Domestic team information
- 1967/68–1984/85: Baroda

Career statistics
| Competition | FC | List A |
| Matches | 84 | 8 |
| Runs scored | 3,119 | 11 |
| Batting average | 28.61 | 3.66 |
| 100s/50s | 4/12 | 0/0 |
| Top score | 197 | 8 |
| Balls bowled | 11,181 | 378 |
| Wickets | 193 | 5 |
| Bowling average | 31.31 | 50.20 |
| 5 wickets in innings | 7 | 0 |
| 10 wickets in match | 1 | n/a |
| Best bowling | 8/65 | 3/33 |
| Catches/stumpings | 32/– | 0/– |
- Source: ESPNcricinfo, 24 August 2019

= Narayan Satham =

Indian cricketer, coach, and administrator (1949–2023)

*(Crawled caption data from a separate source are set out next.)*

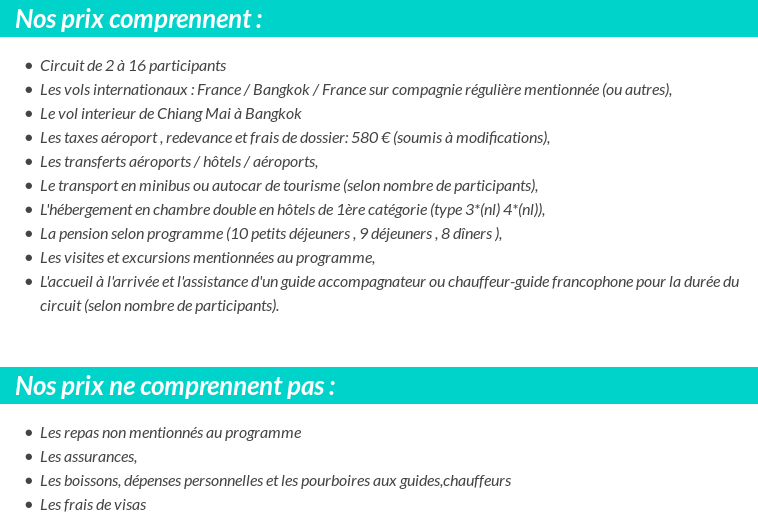 Conditions tarifaires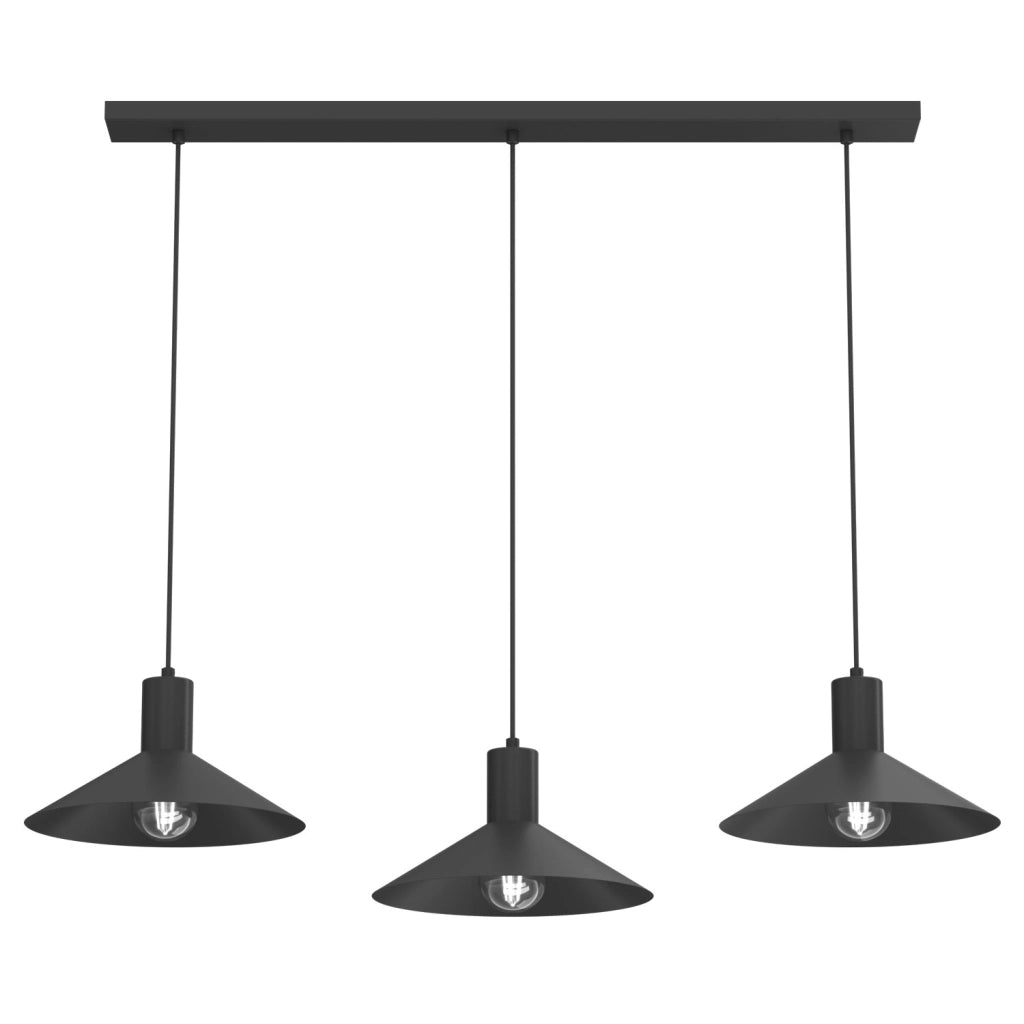 Lampada sospesa Nox 3xE27 nera metallo Luminex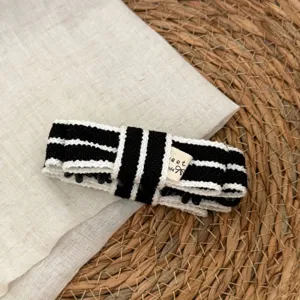 Korean style black and white striped knitted bow hair claw clip versatile fashion accessory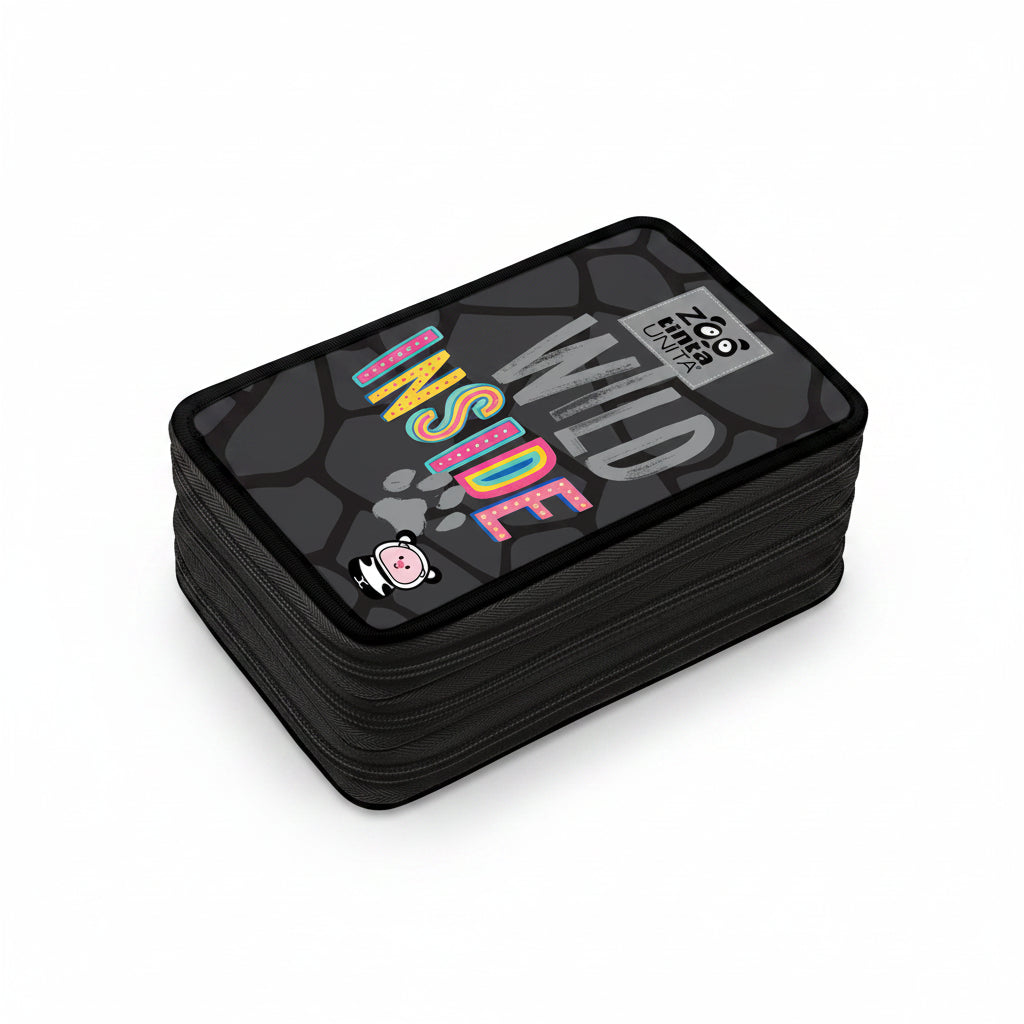 Astuccio 3 Zip Tinta Unita Zoo Wild Inside Nero – Completo per la Scuola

Narayan Yashwantrao Satham (12 July 1949 – 12 February 2023) was an Indian first-class cricketer who played for Baroda. He worked as an administrator and coach after his playing career.

==Career==
Satham was right-arm fast-medium bowler who made his first-class debut for Baroda at the age of 18 during the 1967–68 Ranji Trophy. He became part of Baroda's pace trio which included Cecil Williams and Anthony Fernandes. In a career that lasted until the 1984/85 season, Satham appeared in 84 first-class matches in which he took 193 wickets at an average of 31.31. He was also a handy lower-order batsman with more than 3000 runs including four centuries. Satham represented West Zone in Duleep Trophy and against touring Sri Lankan and English teams.

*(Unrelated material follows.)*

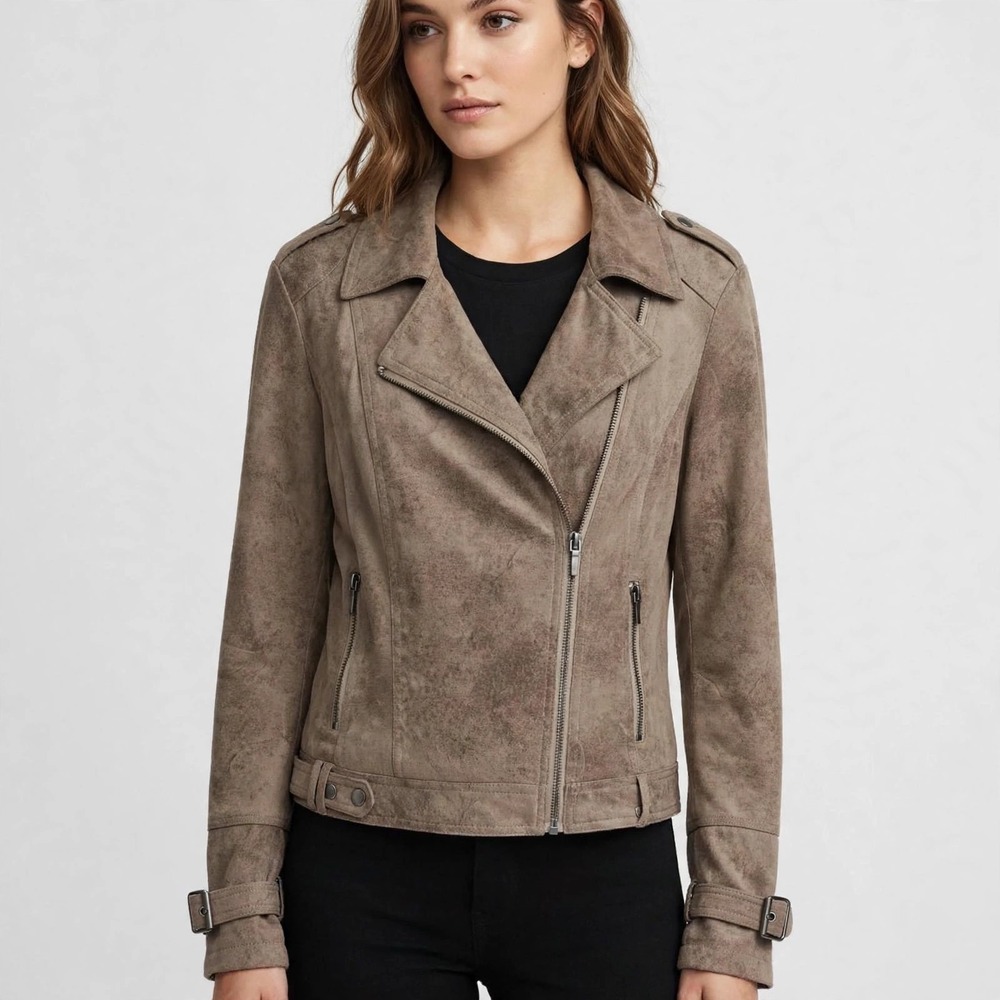 BNCI by Blanc Noir Women Taupe Faux Suede Moto Jacket Asymmetric Zip SAMESS104FS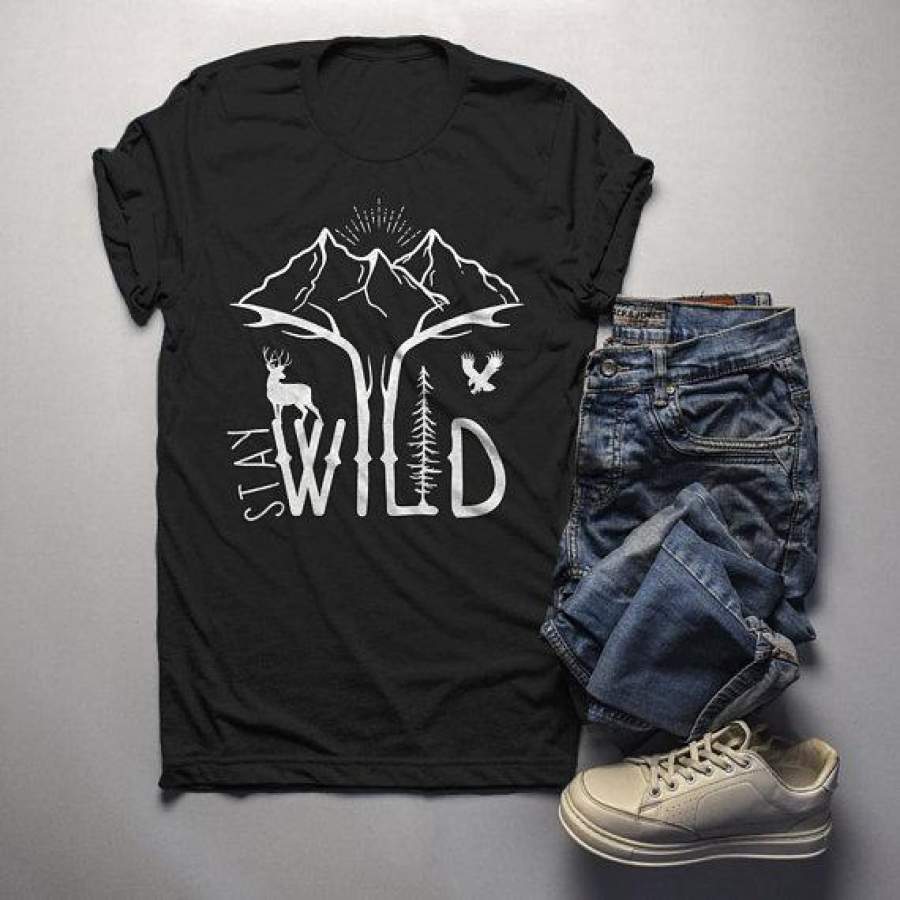 Men’s Hipster Stay Wild Shirt Mountains T-Shirt Explore Antlers Graphic Tee Camping Vintage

Satham worked in cricket administrative and coaching roles after retirement. After officiating as a match referee in domestic tournaments, he worked as the head coach of the Singapore national under-19 and senior teams for three years until 1999. In 2001, Satham, along with Mohinder and Surinder Amarnath, trained cricketers in Tangier, Morocco, as part of a cricket development pact with the Moroccan Cricket Association. In 2008, Satham, Williams, Anshuman Gaekwad and Nayan Mongia formed the Veteran Cricketers Association. He then had two tenures as the chairman of cricket improvement committee (CIC) of the Baroda Cricket Association (BCA) and was a member of BCA managing committee until his resignation in 2018. He also coached at the Sangramsinh Gaekwad Cricket Academy in Vadodara.

Satham died on 12 February 2023, at the age of 73.